The problem |
Please repeat, exactly and without pictures, the lines of the entries below that run from the one containing "The stamen of" through the one containing "Dogs might be".

━━━ Data for this task ━━━

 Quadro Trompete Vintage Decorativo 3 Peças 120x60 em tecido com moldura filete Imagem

━━━
━━━ Data for this task ━━━

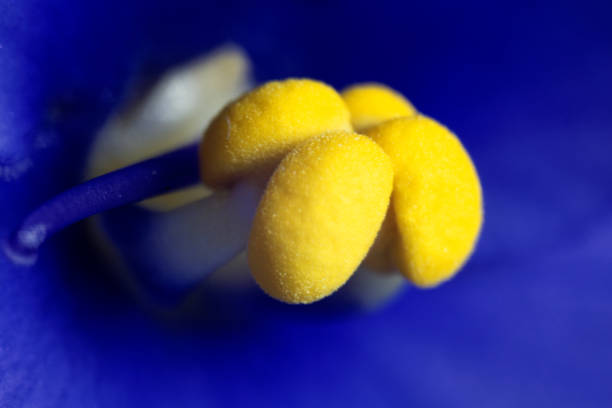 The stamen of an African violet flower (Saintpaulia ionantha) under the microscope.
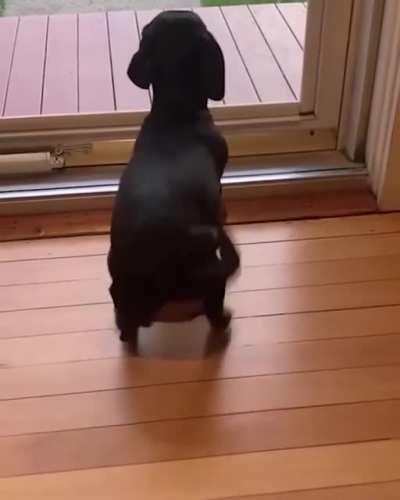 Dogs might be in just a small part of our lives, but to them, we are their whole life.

━━━

Solution to the problem |
 The stamen of an African violet flower (Saintpaulia ionantha) under the microscope.
 Dogs might be in just a small part of our lives, but to them, we are their whole life.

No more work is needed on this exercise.